Theology of the Heart- Lives of the Saints- St. Maria Faustina Kowalska

The Life of St. Maria Faustina
by SCTJM


HER EARLY YEARS

St. Faustina Maria Kowalska was born on August 25, 1905, the third of ten children of a poor, pious Catholic family in small Polish village. She was baptized two days later as “Helena.” At the early age of seven, Helen first heard the voice of God calling her to the religious life. When she approached her parents with her desire, her parents quickly disapproved. As a result, in trying to adhere to the will of her parents, she tried to stifle and ignore the call.

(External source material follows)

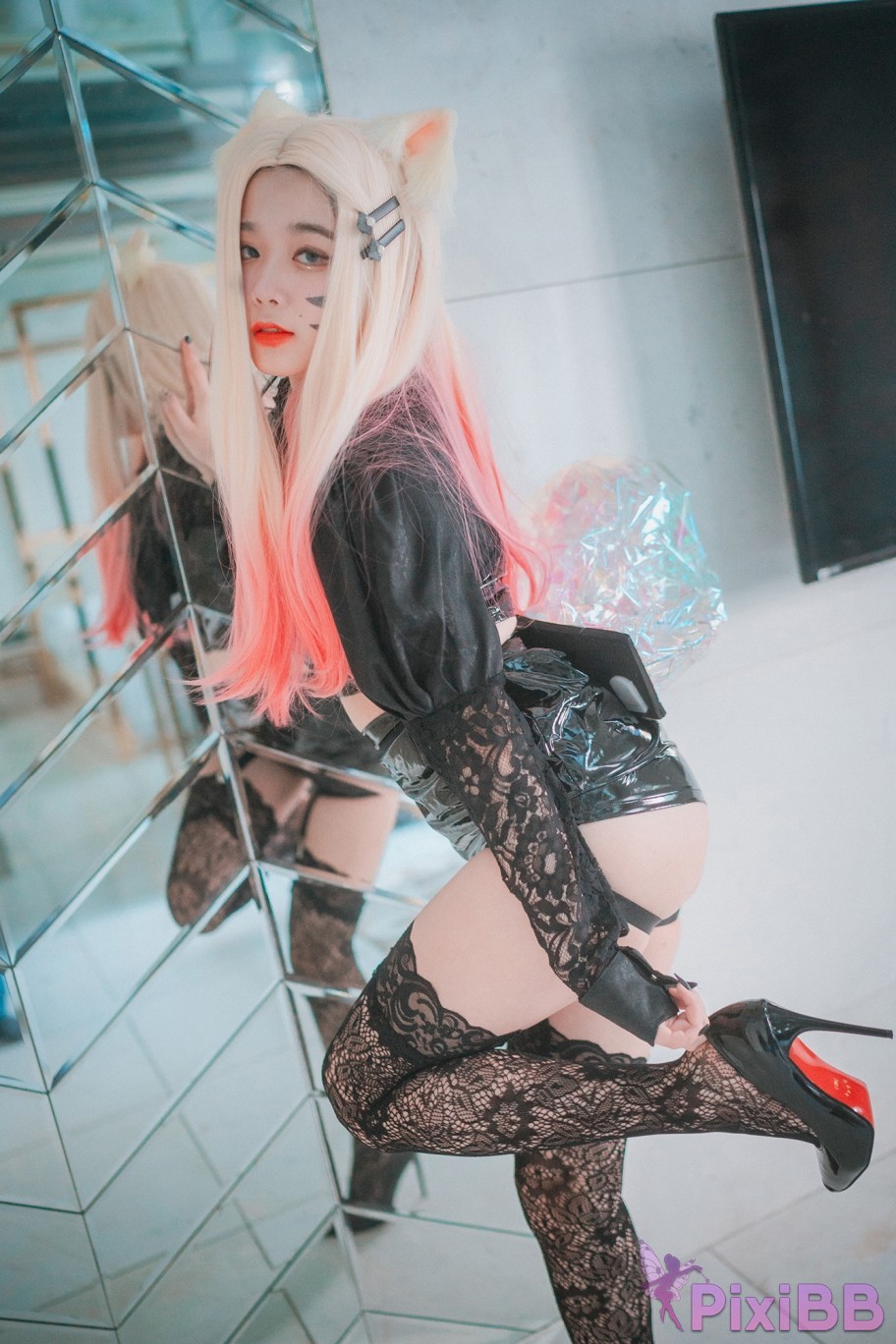 DJAWA Photo Zia LoL Ahri The Baddest PixiBB.COM 069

Helena would help around the house with the chores in the kitchen, milking the cows, and taking care of her siblings. She began her primary education when she was 12 years old, due to the closing of the schools in Poland during the Russian occupation. She was only able to complete three trimesters. In the spring of 1919, all the older students were notified that they had to leave the school, in order for the younger students to come in.

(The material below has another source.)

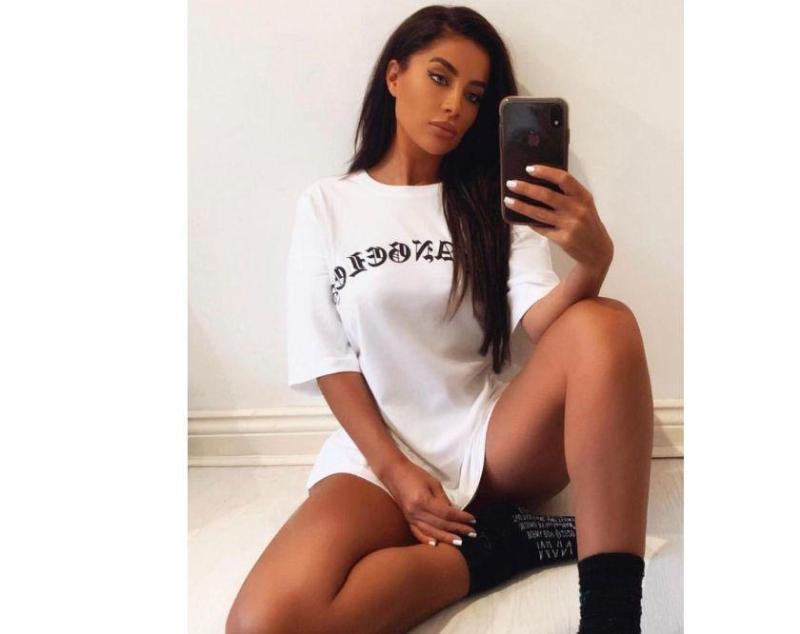 PRETTY LADY ** MY NAME IS EVELYN 07466662923 ** party girl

At the age of 14, she began working outside the home to earn money in order to support herself. However, when she was sixteen, her prayer life had grown to such an extent that work and sleep became difficult, and she left her job as a housekeeper. Again, she went to her parents to leave and enter a convent, they said no, citing financial difficulty as their reason.

After another refusal by her parents, she abandoned her spiritual life to an extent and began to live a worldly life: buying fashionable clothes, attending dances and parties, all in an attempt to ignore the call she felt deep inside.

At the age of 20, while dancing at a party on night in Lodz, where she was currently living, Jesus appeared to her, stripped and covered with wounds. Everything surrounding her disappeared and she only saw Jesus, who asked her, “How long shall I put up with you and how long will you keep putting me off?” (Diary 9). She ran to the cathedral to pray.

In Lodz's Cathedral, St. Faustina heard these words from our Lord: "Go immediately to Warsaw, and there you will enter a convent." She got up from prayer, went to her house and as best she could, confessed to her sister what had happened. She asked her sister to say goodbye to her parents on her behalf, and with only one dress and nothing else, she arrived in Warsaw. She asked the Blessed Mother to guide her and to let her know where to direct herself. That is how she arrived at St. James the Apostle Church in the outskirts of Warsaw. After mass ended, she spoke to a priest who sent her to Mrs. Lipzye, a very Catholic woman, and she lodged with her. During her stay with the Lipzye family, she visited various convents but all the doors were closed to her. She asked the Lord not to leave her alone as she sought an answer to her prayer, but the Lord wanted to teach her that He always answers our prayers in His time, not in ours. St. Faustina directed herself to the doors of the Mother House of the Congregation of the Sisters of our Lady of Mercy on Zytnia street, in Warsaw, where the Mother General interrogated her. Mother Micaela told her to go ask the Lord of the house if He accepted her. St. Faustina went to the Chapel and asked the Lord if He accepted her and she heard in her heart: "I accept you, you are in My Heart." She addressed the Mother General and told her what she had heard, and the Mother responded, "If the Lord accepts you, I also accept you; this is your house."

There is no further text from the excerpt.